[Exercise data]

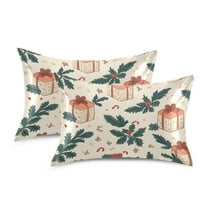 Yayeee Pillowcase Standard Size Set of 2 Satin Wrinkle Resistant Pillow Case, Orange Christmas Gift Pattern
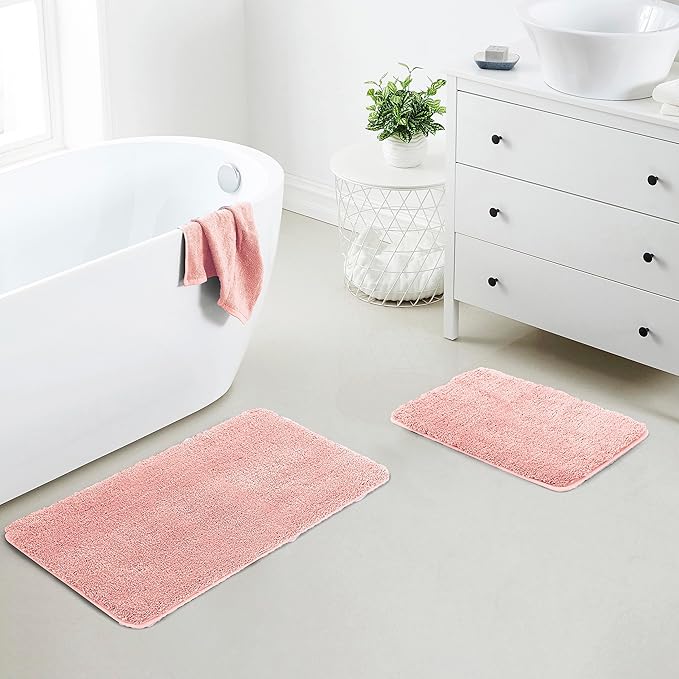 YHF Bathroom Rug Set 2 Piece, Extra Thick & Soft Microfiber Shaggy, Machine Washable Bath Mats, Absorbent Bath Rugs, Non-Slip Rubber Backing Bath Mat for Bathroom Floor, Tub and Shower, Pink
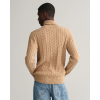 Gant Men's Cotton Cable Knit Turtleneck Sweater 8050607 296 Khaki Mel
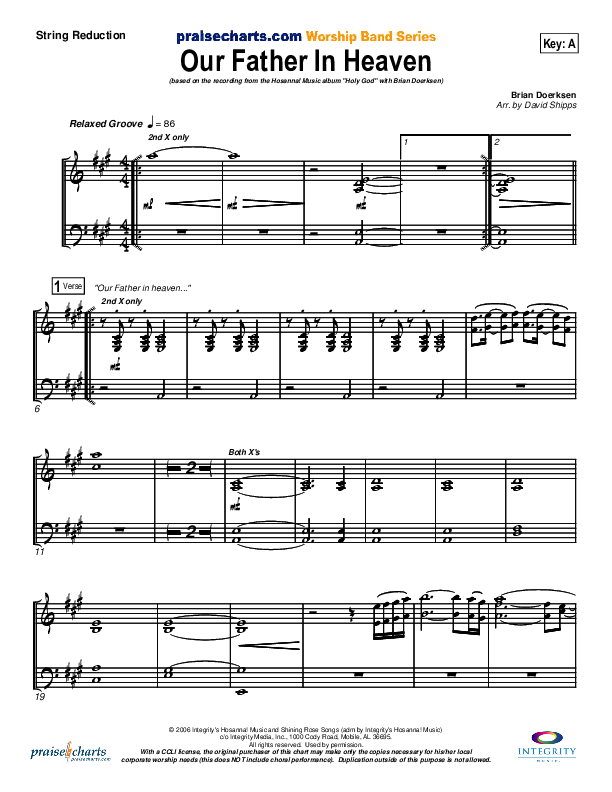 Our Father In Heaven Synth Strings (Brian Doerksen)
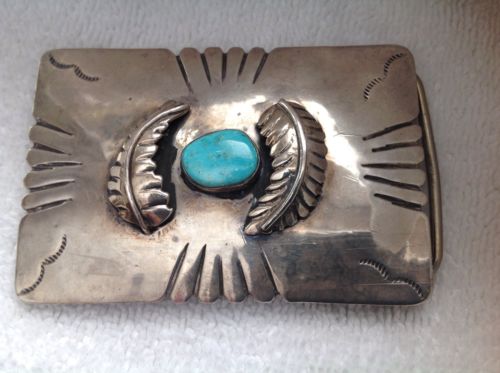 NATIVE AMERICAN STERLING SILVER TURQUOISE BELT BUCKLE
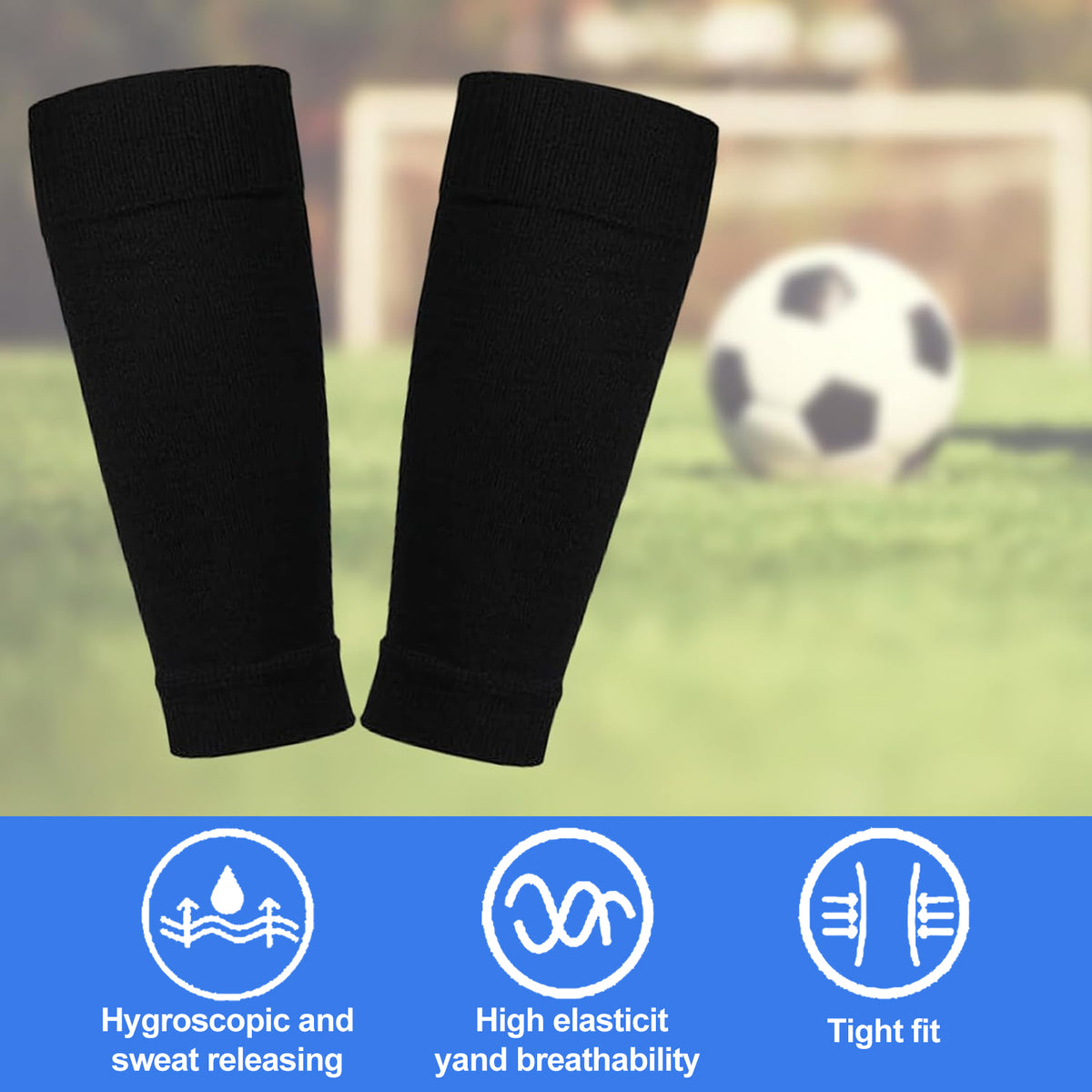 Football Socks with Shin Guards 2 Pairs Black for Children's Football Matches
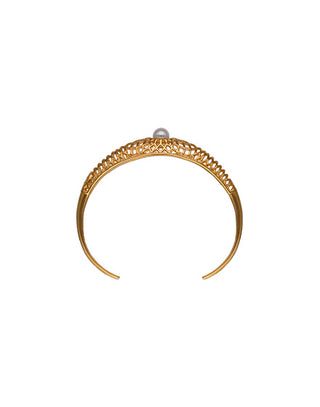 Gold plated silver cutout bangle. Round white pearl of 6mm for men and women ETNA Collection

* * *

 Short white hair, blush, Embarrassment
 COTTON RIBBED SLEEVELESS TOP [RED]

[What is expected] Each line above from the one containing "Yayeee Pillowcase Standard" through the one containing "NATIVE AMERICAN STERLING" is to be returned verbatim. Nothing else, and no pictures.

[Answer box]
 Yayeee Pillowcase Standard Size Set of 2 Satin Wrinkle Resistant Pillow Case, Orange Christmas Gift Pattern
 YHF Bathroom Rug Set 2 Piece, Extra Thick & Soft Microfiber Shaggy, Machine Washable Bath Mats, Absorbent Bath Rugs, Non-Slip Rubber Backing Bath Mat for Bathroom Floor, Tub and Shower, Pink
 Gant Men's Cotton Cable Knit Turtleneck Sweater 8050607 296 Khaki Mel
 Our Father In Heaven Synth Strings (Brian Doerksen)
 NATIVE AMERICAN STERLING SILVER TURQUOISE BELT BUCKLE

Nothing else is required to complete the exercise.